PROBLEM DETAILS :: Would you output the lines from the one containing "A POLYCHROME AND" through the final line of the entries, exactly and with pictures omitted?

DATA EXTRACT ::
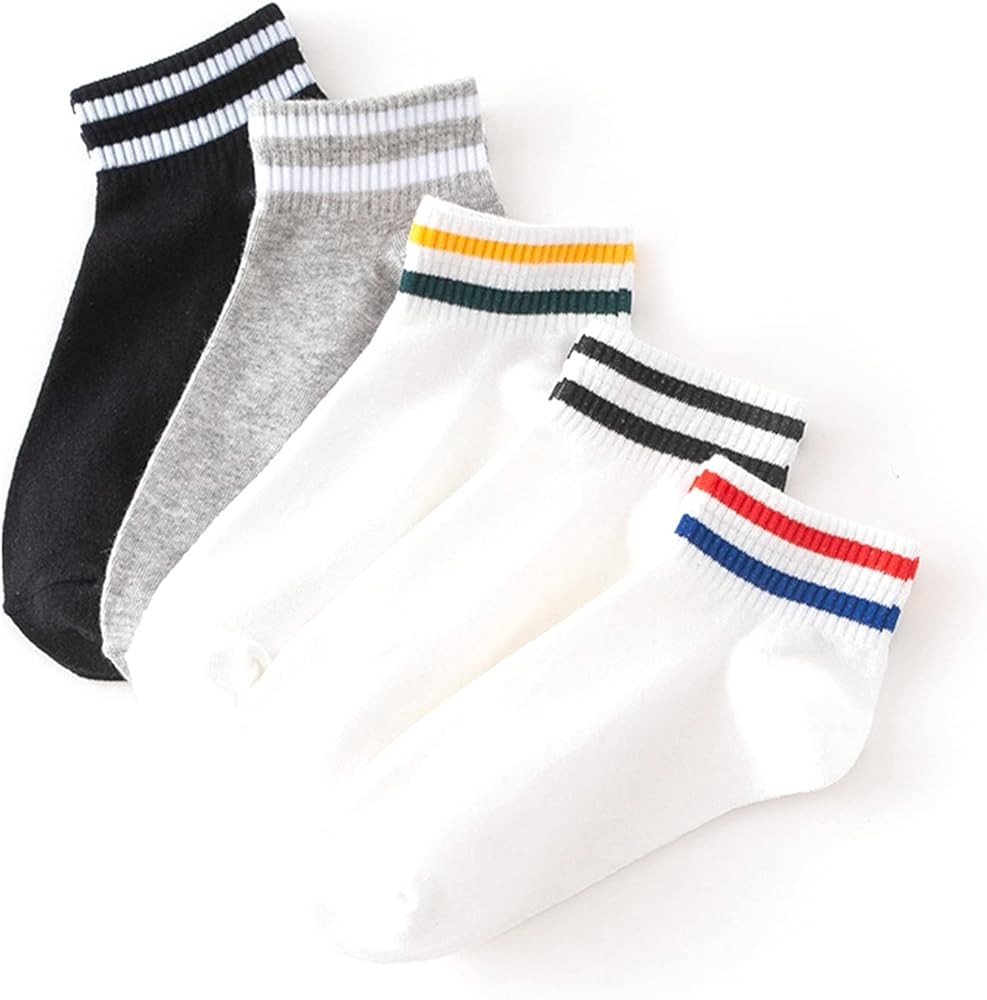 [Pack Of 5 Pairs] Women's Ankle Socks, Stretch Cotton Socks For Women, Common Size, each color 1 pcs, 5pcs Packing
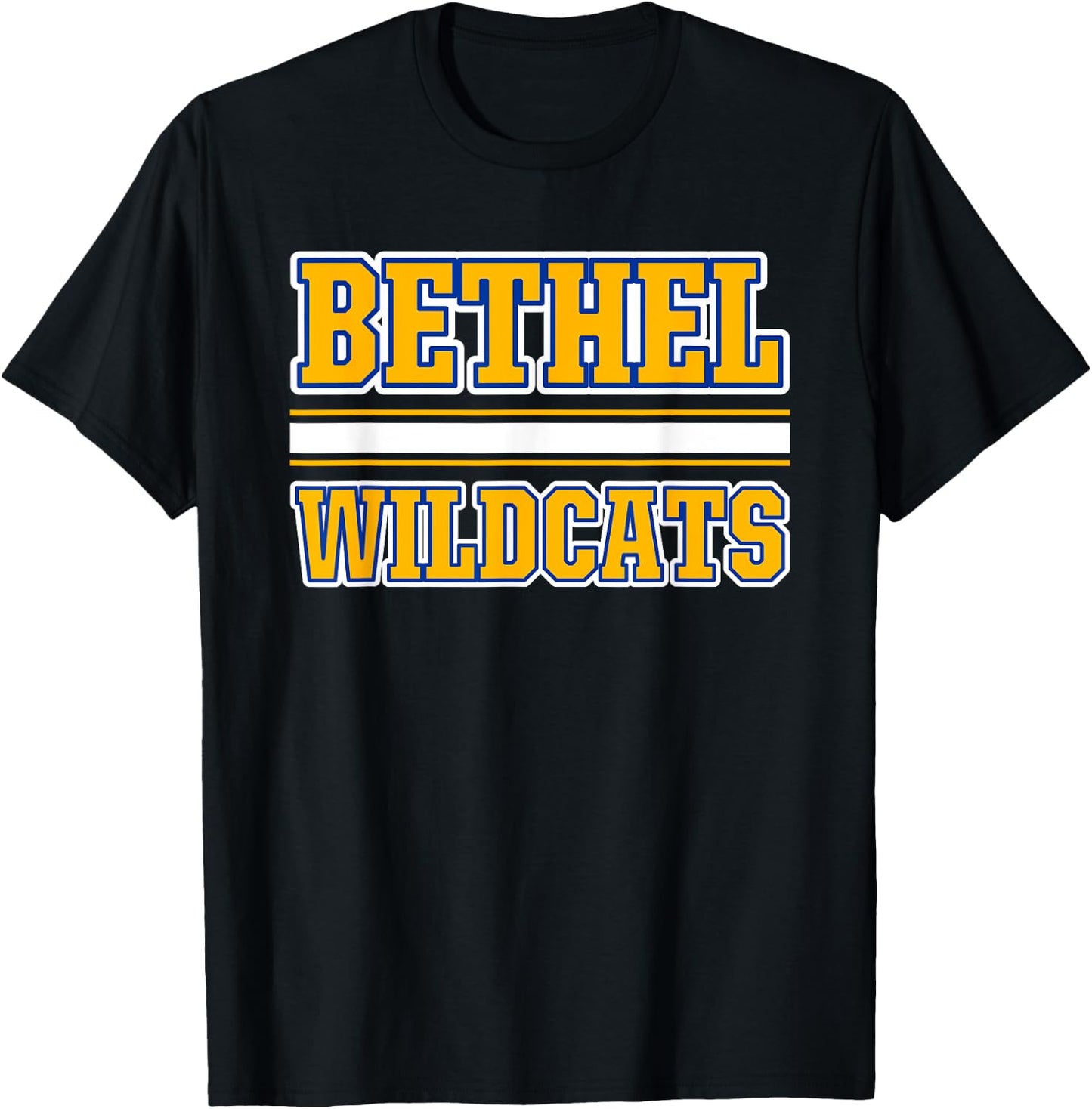 Bethel Wildcats Horizontal Stripes T-Shirt - T-Shirt | Black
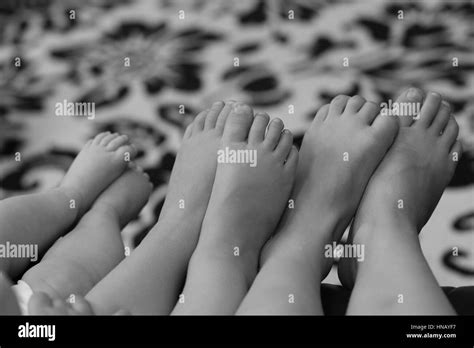 Three Childrens Kids Feet Barefoot Little Piggies Toes Little Girl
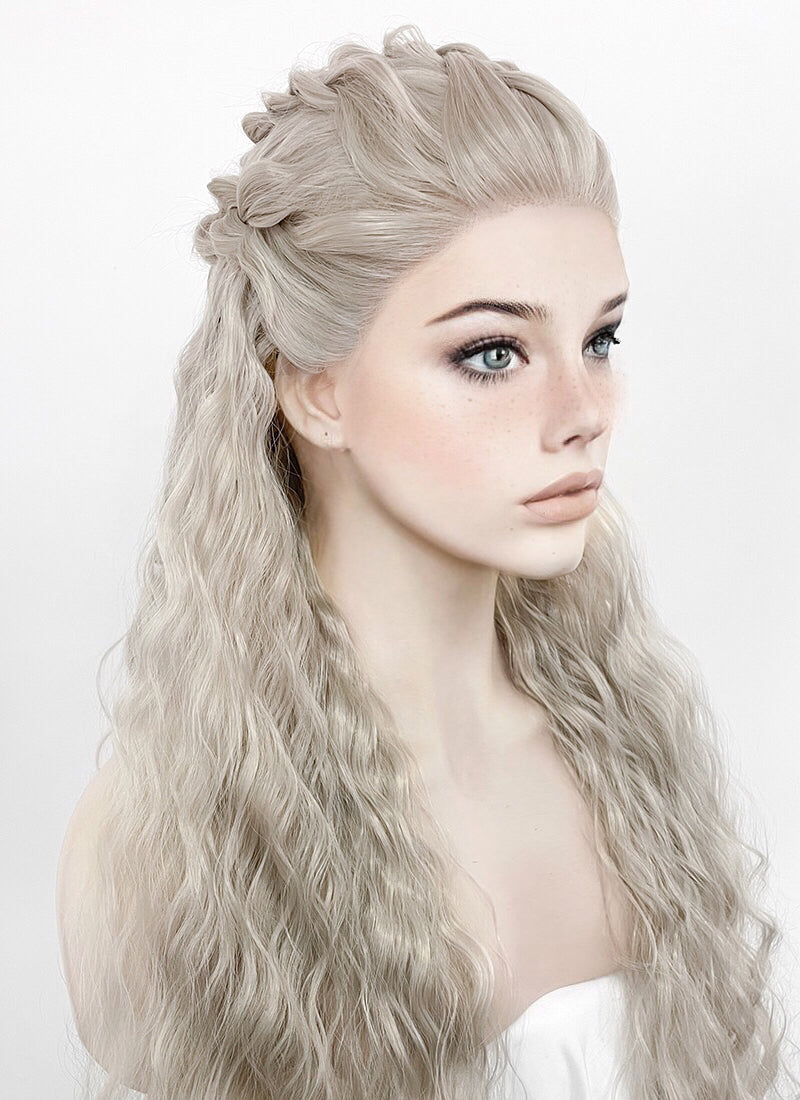 Silver Grey Braided Lace Front Synthetic Wig LF2127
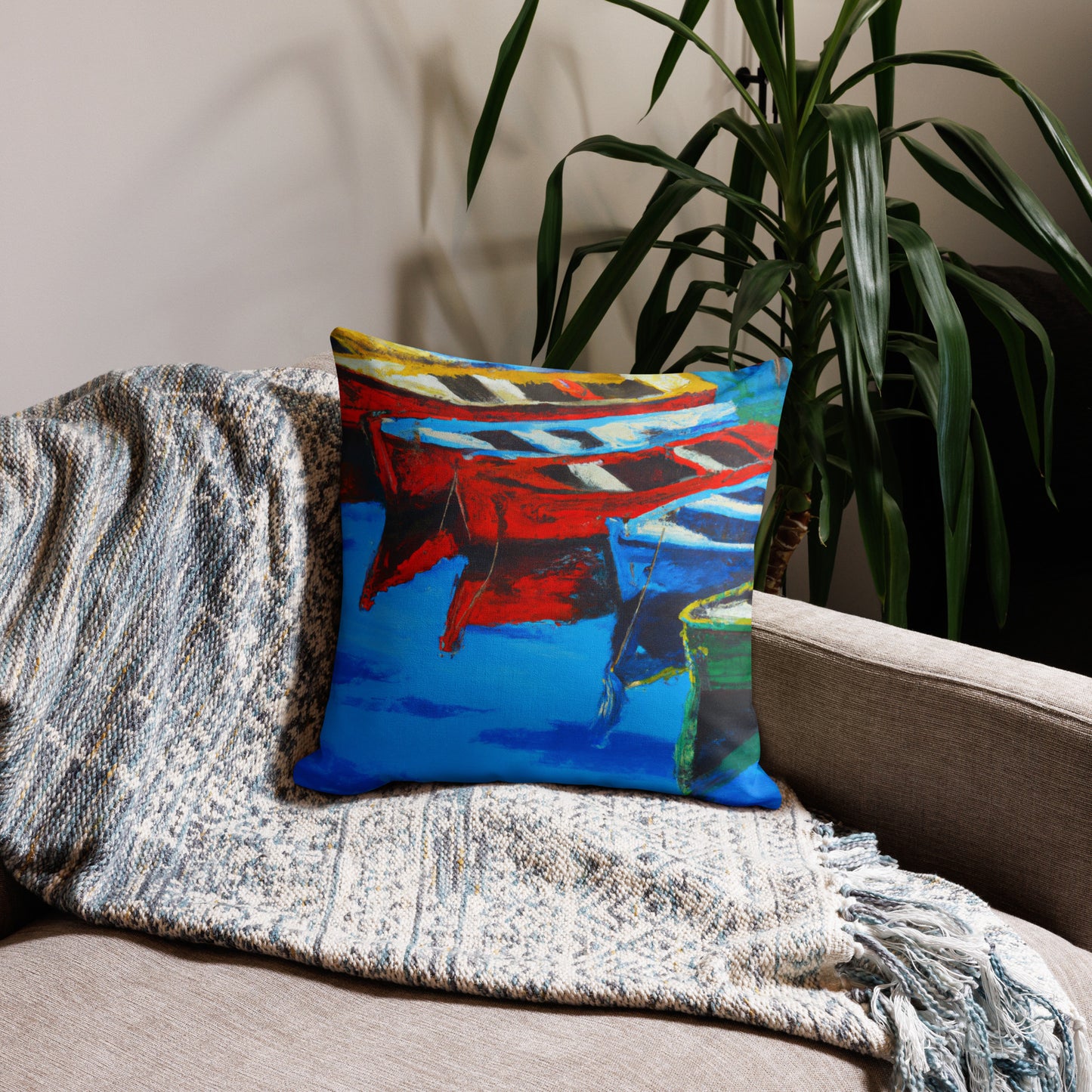 Colorful Rowboats Premium Pillow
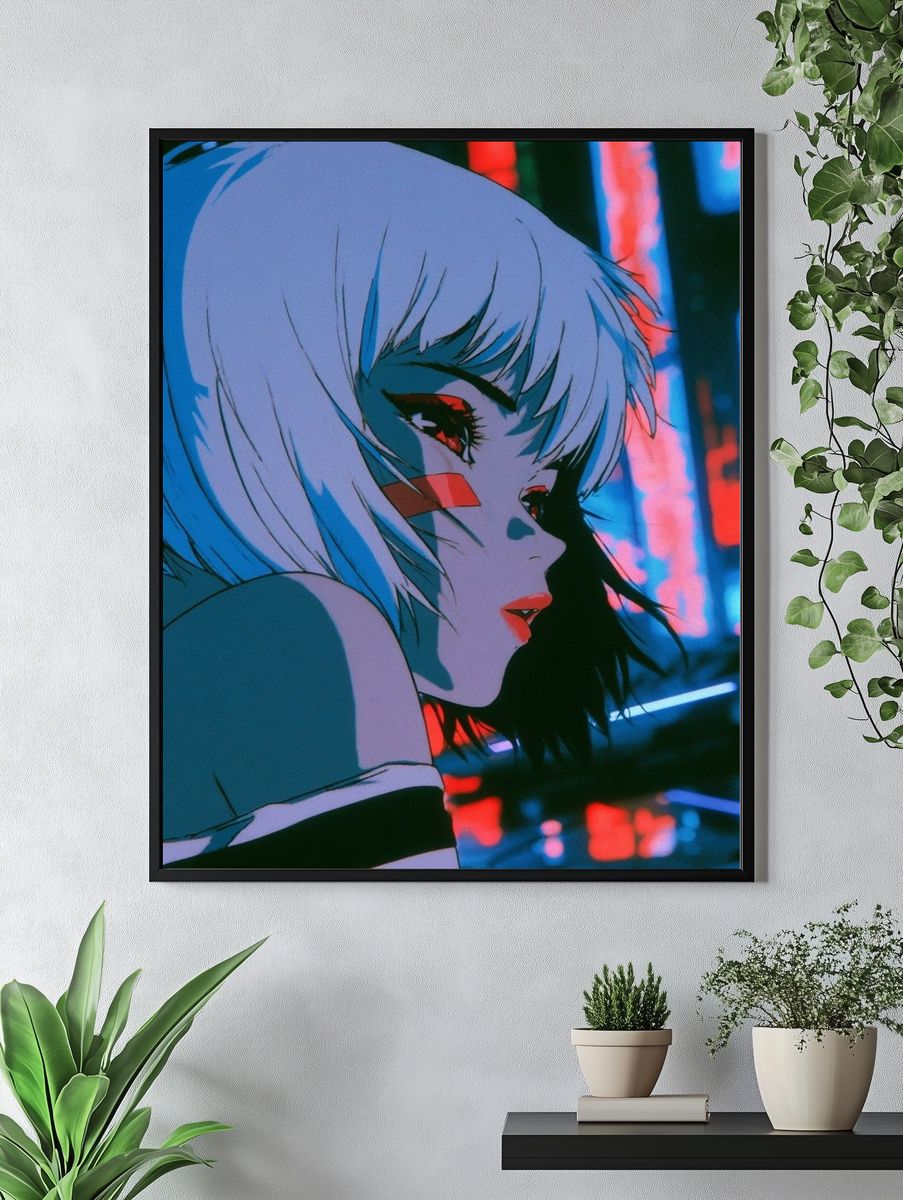 Neon Anime Girl Portrait Poster. — room view 4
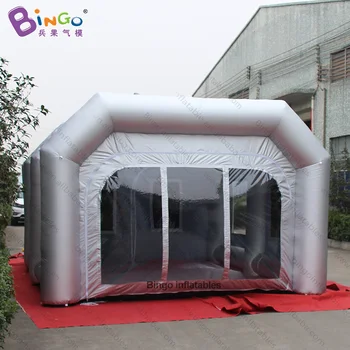 

FACTORY OUTLET 6x4x2.7m inflatable sliver spray booth custom made air blow balloon for car printing decorating tent with advert
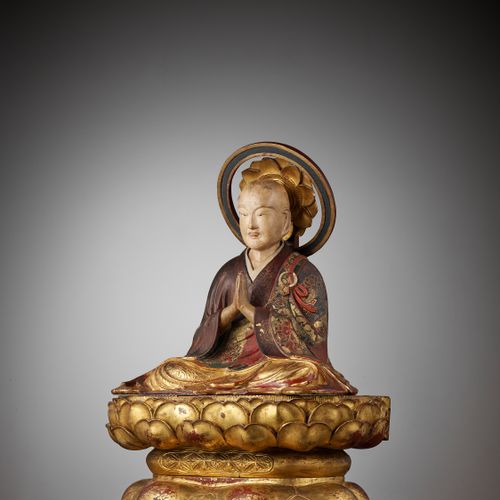 A POLYCHROME AND GILT-LACQUERED FIGURE OF A BUDDHIST MONK Japon, XVIe-XVIIe sièc&hellip;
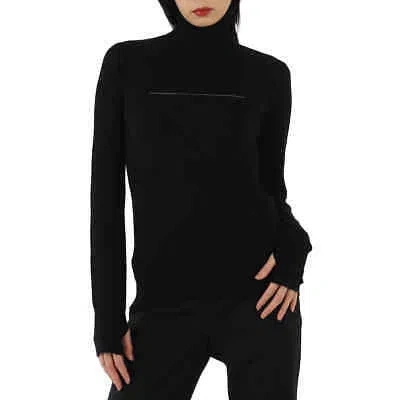 Pre-owned Maison Margiela Mm6  Ladies Black Rip Detail Turtleneck Sweater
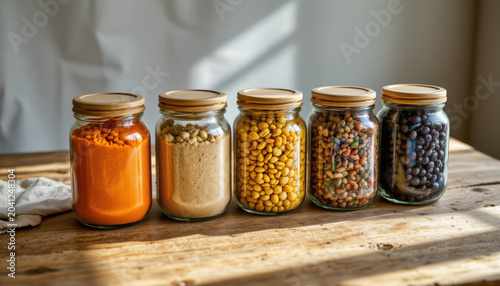 Row of glass jars filled with colorful spices and beans on wooden table in natural light creating warm and cozy atmosphere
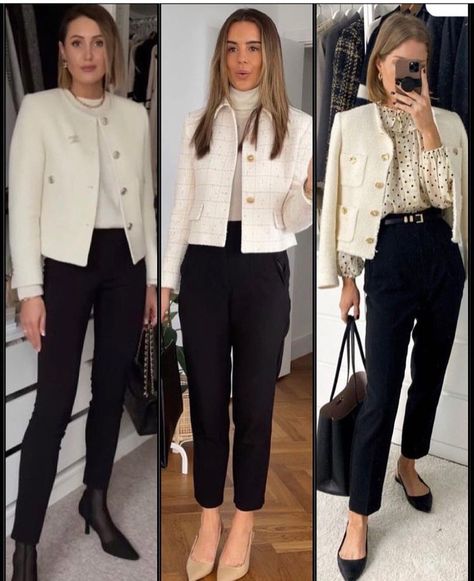 Short White Blazer Outfit, Short Blazer Outfits For Women, White Blazer Outfit Work, Channel Tweed, Outfit For Short Women, Bussines Casual Woman, Friday Outfit For Work, Black Coat Outfit, Tweed Jacket Outfit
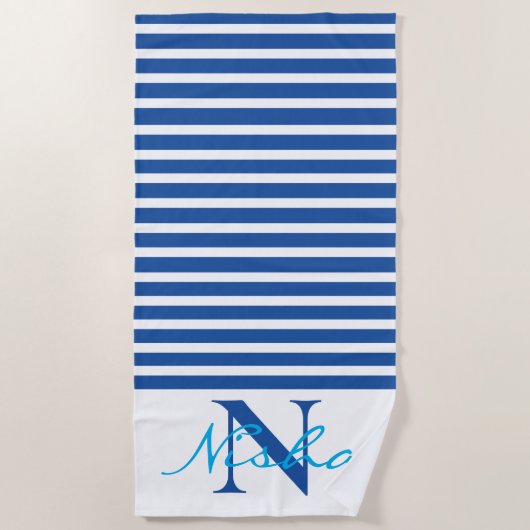 Serviette De Plage Monogramme Bleu Blanc (Devant)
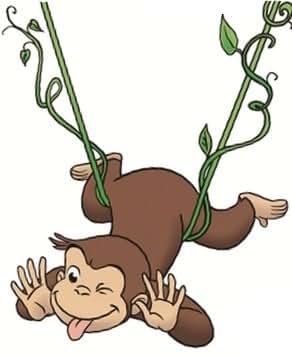 WiggleWalls 4 Inch Curious George Vine Monkey Animal Removable Peel Self Stick Adhesive Vinyl Decorative Wall Decal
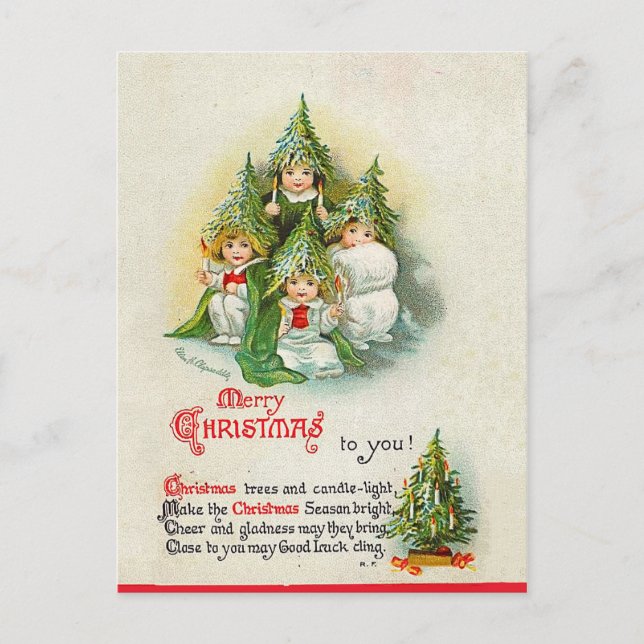 Vintage  Christmas - Merry Christmas to you Holiday Postcard (Front)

YOUR RESPONSE ::
 A POLYCHROME AND GILT-LACQUERED FIGURE OF A BUDDHIST MONK Japon, XVIe-XVIIe sièc&hellip;
 Pre-owned Maison Margiela Mm6  Ladies Black Rip Detail Turtleneck Sweater
 Row of glass jars filled with colorful spices and beans on wooden table in natural light creating warm and cozy atmosphere
 Short White Blazer Outfit, Short Blazer Outfits For Women, White Blazer Outfit Work, Channel Tweed, Outfit For Short Women, Bussines Casual Woman, Friday Outfit For Work, Black Coat Outfit, Tweed Jacket Outfit
 Serviette De Plage Monogramme Bleu Blanc (Devant)
 WiggleWalls 4 Inch Curious George Vine Monkey Animal Removable Peel Self Stick Adhesive Vinyl Decorative Wall Decal
 Vintage  Christmas - Merry Christmas to you Holiday Postcard (Front)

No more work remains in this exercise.